I notice that apart from the widespread complaint that the German pilotless planes ‘seem so unnatural’ (a bomb dropped by a live airman is quite natural, apparently), some journalists are denouncing them as barbarous, inhumane, and ‘an indiscriminate attack on civilians’.
After what we have been doing to the Germans over the past two years, this seems a bit thick, but it is the normal human response to every new weapon. Poison gas, the machine-gun, the submarine, gunpowder, and even the crossbow were similarly denounced in their day. Every weapon seems unfair until you have adopted it yourself. But I would not deny that the pilotless plane, flying bomb, or whatever its correct name may be, is an exceptionally unpleasant thing, because, unlike most other projectiles, it gives you time to think. What is your first reaction when you hear that droning, zooming noise? Inevitably, it is a hope that the noise won’t stop. You want to hear the bomb pass safely overhead and die away into the distance before the engine cuts out. In other words, you are hoping that it will fall on somebody else. So also when you dodge a shell or an ordinary bomb—but in that case you have only about five seconds to take cover and no time to speculate on the bottomless selfishness of the human being.
First published in Tribune, 30 June 1944.

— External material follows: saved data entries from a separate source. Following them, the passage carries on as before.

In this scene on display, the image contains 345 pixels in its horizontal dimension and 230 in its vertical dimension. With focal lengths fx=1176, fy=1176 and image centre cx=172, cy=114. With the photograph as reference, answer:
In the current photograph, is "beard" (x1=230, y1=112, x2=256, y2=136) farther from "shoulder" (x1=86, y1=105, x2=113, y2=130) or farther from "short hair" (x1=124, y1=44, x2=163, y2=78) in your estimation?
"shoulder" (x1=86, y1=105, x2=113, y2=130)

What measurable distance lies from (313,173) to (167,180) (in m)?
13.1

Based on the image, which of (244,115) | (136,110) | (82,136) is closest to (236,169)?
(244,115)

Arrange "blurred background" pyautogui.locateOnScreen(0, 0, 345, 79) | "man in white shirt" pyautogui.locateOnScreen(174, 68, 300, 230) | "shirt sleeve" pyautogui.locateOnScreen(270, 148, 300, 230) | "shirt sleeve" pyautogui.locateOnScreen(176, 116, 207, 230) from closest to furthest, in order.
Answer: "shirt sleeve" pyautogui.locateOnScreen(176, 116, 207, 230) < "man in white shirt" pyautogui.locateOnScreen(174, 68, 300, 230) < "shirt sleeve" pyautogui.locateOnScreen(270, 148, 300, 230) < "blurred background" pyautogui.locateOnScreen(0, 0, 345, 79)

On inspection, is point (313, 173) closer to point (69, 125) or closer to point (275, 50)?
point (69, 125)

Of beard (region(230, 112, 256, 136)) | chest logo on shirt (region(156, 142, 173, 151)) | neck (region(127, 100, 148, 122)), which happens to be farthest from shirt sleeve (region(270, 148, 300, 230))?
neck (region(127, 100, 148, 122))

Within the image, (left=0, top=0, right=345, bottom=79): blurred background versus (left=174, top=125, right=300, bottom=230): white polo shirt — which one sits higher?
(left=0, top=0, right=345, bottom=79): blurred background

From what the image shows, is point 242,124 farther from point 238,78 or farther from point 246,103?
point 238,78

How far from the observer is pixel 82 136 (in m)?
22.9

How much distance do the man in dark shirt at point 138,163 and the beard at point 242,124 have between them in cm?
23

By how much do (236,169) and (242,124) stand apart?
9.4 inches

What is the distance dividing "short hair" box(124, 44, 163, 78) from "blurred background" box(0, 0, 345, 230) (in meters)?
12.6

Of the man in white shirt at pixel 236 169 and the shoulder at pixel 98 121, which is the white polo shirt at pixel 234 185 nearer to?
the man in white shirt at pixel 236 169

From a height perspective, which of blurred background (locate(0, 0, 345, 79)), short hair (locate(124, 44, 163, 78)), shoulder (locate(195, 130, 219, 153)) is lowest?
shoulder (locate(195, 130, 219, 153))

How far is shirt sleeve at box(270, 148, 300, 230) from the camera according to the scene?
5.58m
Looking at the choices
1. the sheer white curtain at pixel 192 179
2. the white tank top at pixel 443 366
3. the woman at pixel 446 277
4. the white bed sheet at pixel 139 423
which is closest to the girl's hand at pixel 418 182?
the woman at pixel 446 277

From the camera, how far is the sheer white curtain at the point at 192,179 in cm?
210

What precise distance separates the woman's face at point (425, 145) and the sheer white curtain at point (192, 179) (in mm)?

As a person who does electrical fitting on these things for a living (called missiles today), I can relate.
And we do this under a constant droning, zooming noise. If you’re up in the office you’re out of the way of it a lot of the time, but on the shop floor they pipe in commercial radio wall to wall, and there is no dodging it. Many of us have convinced ourselves we enjoy it, or at least it’s helping us get through the working day. But I suspect, like me, the silent majority feel differently and are as tired as Tippi Hendren.
Only Orwell could twist avoiding a V2 into a parable!